- Instructions for the task
Below are some records. Copy every line in them that holds "Green".
Segment Start: Data to use
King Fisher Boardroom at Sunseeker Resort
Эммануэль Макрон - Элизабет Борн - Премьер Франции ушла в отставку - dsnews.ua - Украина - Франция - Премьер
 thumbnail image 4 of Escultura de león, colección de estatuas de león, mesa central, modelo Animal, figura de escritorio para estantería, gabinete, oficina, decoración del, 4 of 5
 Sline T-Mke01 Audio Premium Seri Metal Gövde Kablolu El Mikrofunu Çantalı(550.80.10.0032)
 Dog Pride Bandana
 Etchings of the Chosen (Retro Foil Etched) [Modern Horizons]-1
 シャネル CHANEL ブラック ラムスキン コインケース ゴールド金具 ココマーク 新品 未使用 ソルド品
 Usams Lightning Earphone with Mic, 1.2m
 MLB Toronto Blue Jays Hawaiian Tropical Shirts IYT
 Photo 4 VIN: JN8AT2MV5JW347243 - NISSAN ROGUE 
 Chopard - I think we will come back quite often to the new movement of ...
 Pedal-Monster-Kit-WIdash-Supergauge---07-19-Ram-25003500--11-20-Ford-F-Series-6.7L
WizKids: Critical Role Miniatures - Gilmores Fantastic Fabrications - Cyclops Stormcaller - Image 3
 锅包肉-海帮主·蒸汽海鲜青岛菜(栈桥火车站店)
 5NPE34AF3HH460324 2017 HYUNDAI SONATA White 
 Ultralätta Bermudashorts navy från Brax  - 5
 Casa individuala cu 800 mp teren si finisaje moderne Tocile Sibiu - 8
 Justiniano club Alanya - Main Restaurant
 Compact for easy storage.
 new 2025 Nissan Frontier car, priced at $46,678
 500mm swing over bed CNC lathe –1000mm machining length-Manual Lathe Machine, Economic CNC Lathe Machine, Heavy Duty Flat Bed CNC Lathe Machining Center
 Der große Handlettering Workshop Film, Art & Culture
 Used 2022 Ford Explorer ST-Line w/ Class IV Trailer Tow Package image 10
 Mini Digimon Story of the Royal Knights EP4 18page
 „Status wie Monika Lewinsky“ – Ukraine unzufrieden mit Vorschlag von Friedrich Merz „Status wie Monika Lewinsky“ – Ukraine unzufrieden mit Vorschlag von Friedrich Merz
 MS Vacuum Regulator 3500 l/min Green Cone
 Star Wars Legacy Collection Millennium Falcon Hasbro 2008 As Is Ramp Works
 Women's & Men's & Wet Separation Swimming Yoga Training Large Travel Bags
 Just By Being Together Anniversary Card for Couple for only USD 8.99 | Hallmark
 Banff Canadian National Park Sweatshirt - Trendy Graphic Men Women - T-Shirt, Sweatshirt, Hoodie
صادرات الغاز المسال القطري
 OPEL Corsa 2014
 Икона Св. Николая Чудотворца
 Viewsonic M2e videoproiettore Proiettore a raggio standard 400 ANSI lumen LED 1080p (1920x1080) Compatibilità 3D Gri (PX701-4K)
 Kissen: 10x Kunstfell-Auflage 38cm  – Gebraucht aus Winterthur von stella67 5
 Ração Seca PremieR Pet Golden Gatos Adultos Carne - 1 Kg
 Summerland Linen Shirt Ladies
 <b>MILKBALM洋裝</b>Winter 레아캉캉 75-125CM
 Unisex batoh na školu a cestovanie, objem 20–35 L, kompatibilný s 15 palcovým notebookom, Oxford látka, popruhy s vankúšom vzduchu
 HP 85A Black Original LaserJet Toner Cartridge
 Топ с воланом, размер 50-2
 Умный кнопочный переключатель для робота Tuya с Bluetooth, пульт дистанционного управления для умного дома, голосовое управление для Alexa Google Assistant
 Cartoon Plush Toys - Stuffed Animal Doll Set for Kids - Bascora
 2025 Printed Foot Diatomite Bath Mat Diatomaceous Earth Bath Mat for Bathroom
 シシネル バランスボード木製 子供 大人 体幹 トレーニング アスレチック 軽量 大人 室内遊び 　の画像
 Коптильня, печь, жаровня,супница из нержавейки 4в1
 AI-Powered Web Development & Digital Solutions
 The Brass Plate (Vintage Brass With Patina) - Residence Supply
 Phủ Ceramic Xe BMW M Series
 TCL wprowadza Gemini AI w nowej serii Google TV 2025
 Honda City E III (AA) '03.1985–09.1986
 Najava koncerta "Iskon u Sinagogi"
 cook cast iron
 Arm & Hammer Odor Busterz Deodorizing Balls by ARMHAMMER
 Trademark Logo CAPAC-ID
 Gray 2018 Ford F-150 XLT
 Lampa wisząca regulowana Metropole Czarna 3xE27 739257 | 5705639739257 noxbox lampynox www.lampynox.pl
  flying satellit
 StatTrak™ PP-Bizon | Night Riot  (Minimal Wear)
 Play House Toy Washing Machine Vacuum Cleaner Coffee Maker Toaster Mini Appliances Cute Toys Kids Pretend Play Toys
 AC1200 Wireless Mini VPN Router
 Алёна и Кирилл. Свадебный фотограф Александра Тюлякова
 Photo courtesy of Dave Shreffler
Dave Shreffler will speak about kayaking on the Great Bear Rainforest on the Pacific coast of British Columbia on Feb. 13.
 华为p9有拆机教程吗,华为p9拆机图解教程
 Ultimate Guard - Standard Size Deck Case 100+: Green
Segment End: Data to use
- Solution
 MS Vacuum Regulator 3500 l/min Green Cone
 Ultimate Guard - Standard Size Deck Case 100+: Green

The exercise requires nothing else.